The state elk plan objective for the five hunting districts in the Bitterroot Valley is 7,500.

In the East Fork of the Bitterroot — the valley’s most popular hunting area — Mowry counted 4,069 elk, including 423 bulls. While last year’s count was higher at 4,779, this spring’s numbers were still over the objective of 3,800.

“Given the rough winter, the count was much higher than I expected,” Mowry said.

The biologist and pilot made five flights over the HD 270 in three days in an attempt to avoid the possibility of double counting elk. Even with that extra effort, several areas that typically hold bull elk in the spring were missed in this year’s survey.

“I am highly confidence in the overall count, minus the bulls I know we missed,” she said.

Two of the five hunting districts on the east side of the valley — HD 261 and HD 204 — are both above objectives.

In HD 204 on the north end of the Sapphire Mountains, Mowry counted 891 elk. The objective for that area is 600. That district also had the highest number of bull-cow ratio on the Bitterroot. Mowry spotted 205 bulls in the district, which equates to 39 bulls for every 100 cows.

In HD 261, which includes the middle portion of the Sapphire Mountains, Mowry tallied 857 elk in an area where the objective is 700.

The only hunting district that fell short of the state elk plan objective was HD 250 in the West Fork of the Bitterroot, where Mowry counted 901 elk, including 170 bulls. The objective is 1,400, but Mowry thinks that number may have to be adjusted.

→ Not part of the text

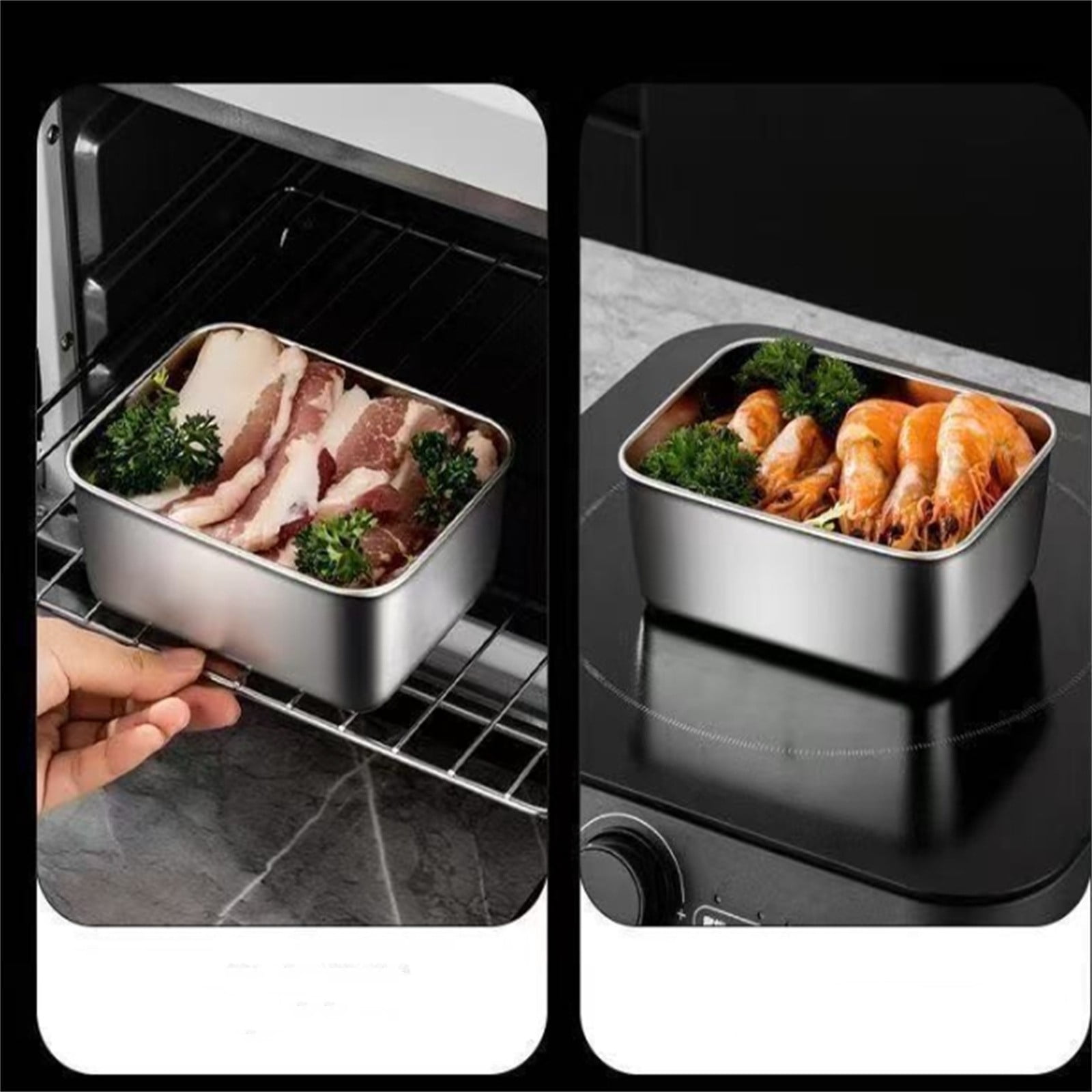 Stainless Steel Food Storage Containers Set for Kitchen with Airtight Lids - Durable Leakproof Meal Prep Solution for Refrigerator Microwave Safe 10-Piece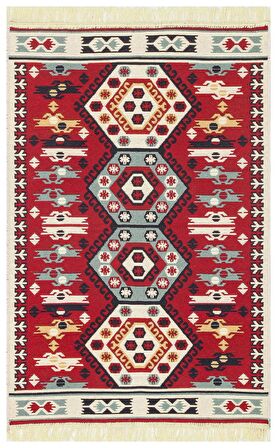 Eko Halı Arya Ar 30 Red Yıkanabilir Çift Taraflı Modern Desenli Dokuma Kilim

Some of the elk that spend the summer and fall in the West Fork winter in Idaho. That fact was documented during the recent elk study that focused on calf mortality.

After finding elk had already gone back into the timber during one flight of the spring’s survey in the Hughes Creek drainage, Mowry and her pilot popped over the mountains into Idaho where they found elk that may soon move back into Montana.

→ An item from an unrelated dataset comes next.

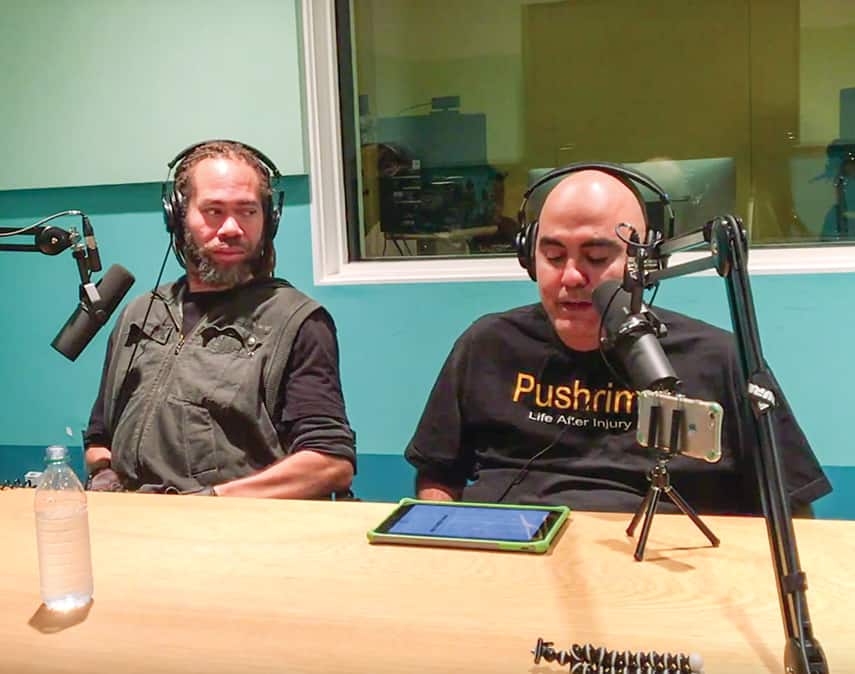 Bell cohosts Pushrim podcasts with Ray Pizarro.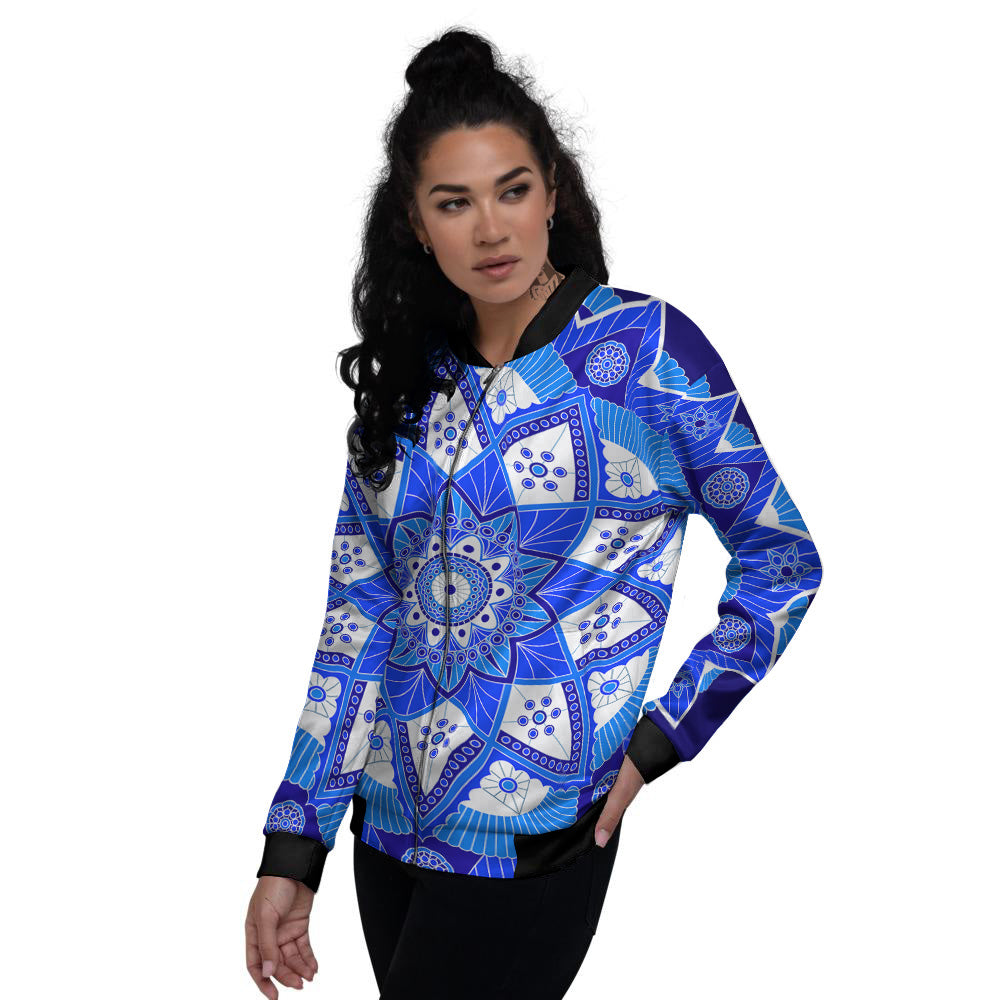 Bohemian Mandala White And Blue Print Women's Bomber Jacket-grizzshop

“It was beautifully greened up and there were lots of elk hanging out in the North Fork of the Salmon: probably 200 to 300 at least,” Mowry said. “In years with less snow, there’s a good chance we could find these elk already in the West Fork during the annual surveys — but not this year, as the snow at the divide was still pretty deep.”

Since elk move back and forth between Montana and Idaho in the West Fork, Mowry said the state may need to take another look at the objective for that area to see if it’s appropriate.

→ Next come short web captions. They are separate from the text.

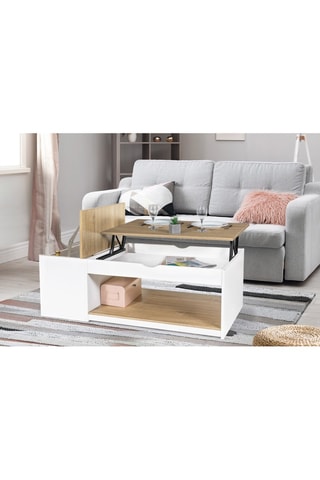 Mesa de centro elevável com baú Elina - Branco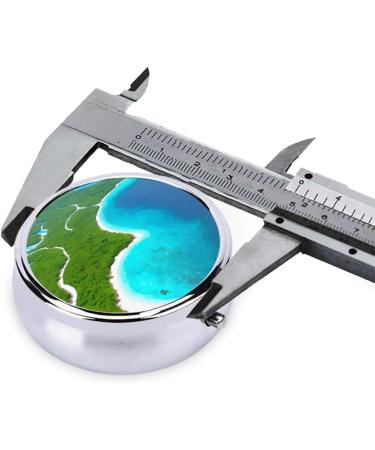 Island in The Ocean Round Pill Box - 3 Compartment Travel Organizer for Pills | Portable & Perfect for Travel - Buy Online on GoSupps.com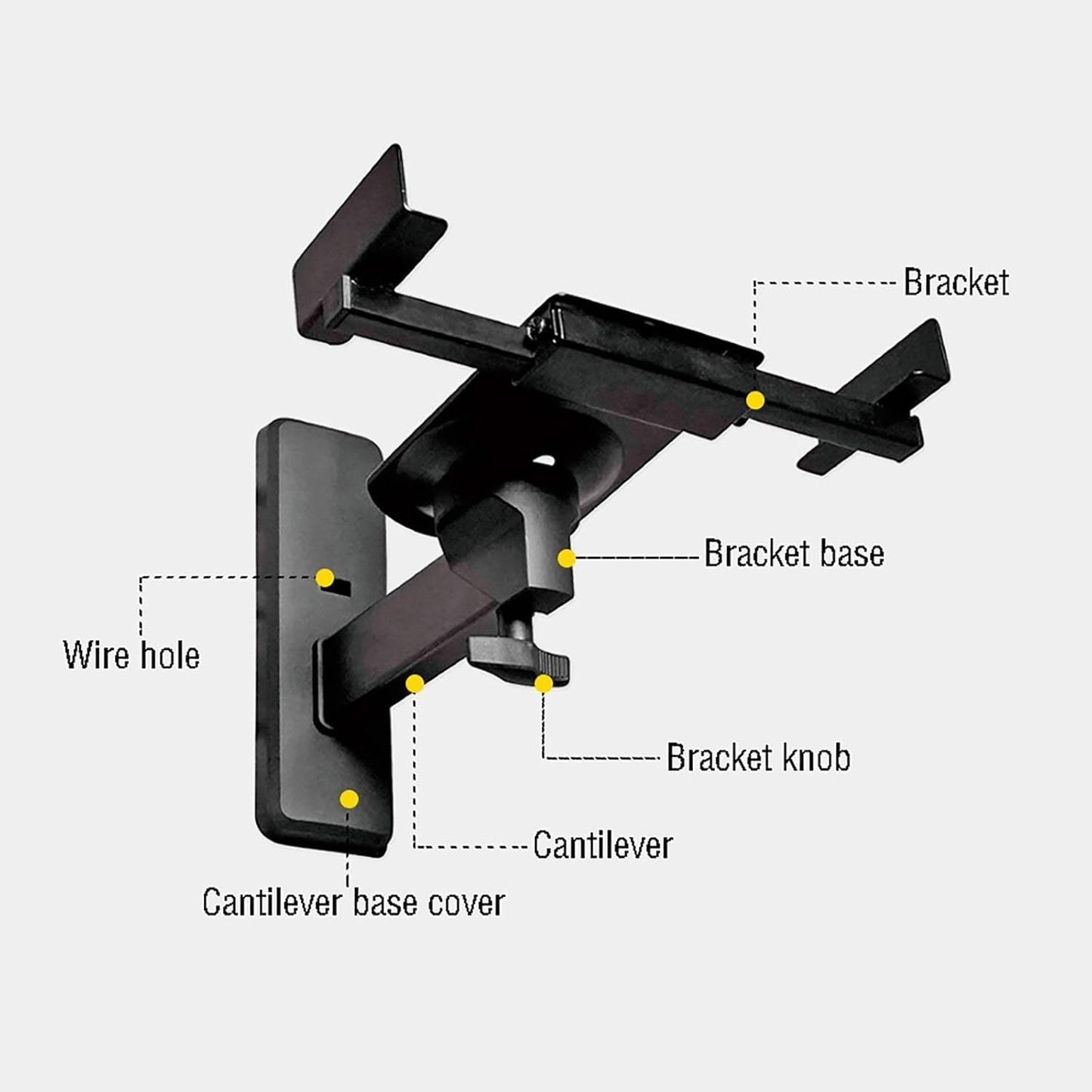 Bookshelf speaker wall mount, 
Softline Pro SP WB010 Wall Mount Bracket Installation Diagram – Adjustable Tilt and Swivel Instructions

On the west side of the valley, Mowry spotted 1,010 elk in HD 240. She thinks she may have missed a few between Trapper Creek and Chaffin Creek after running out of daylight during an evening flight.

Mowry also spotted four different elk herds on the valley floor.

She counted 88 south of Stevensville near Bell Crossing.

Closer to Hamilton, Mowry found two different herds in places where there have normally been one. One was near Murdoch’s Ranch and Home Supply, where she has normally spotted elk before. The other was closer to Angler’s Roost. Both herds had about 40 elk.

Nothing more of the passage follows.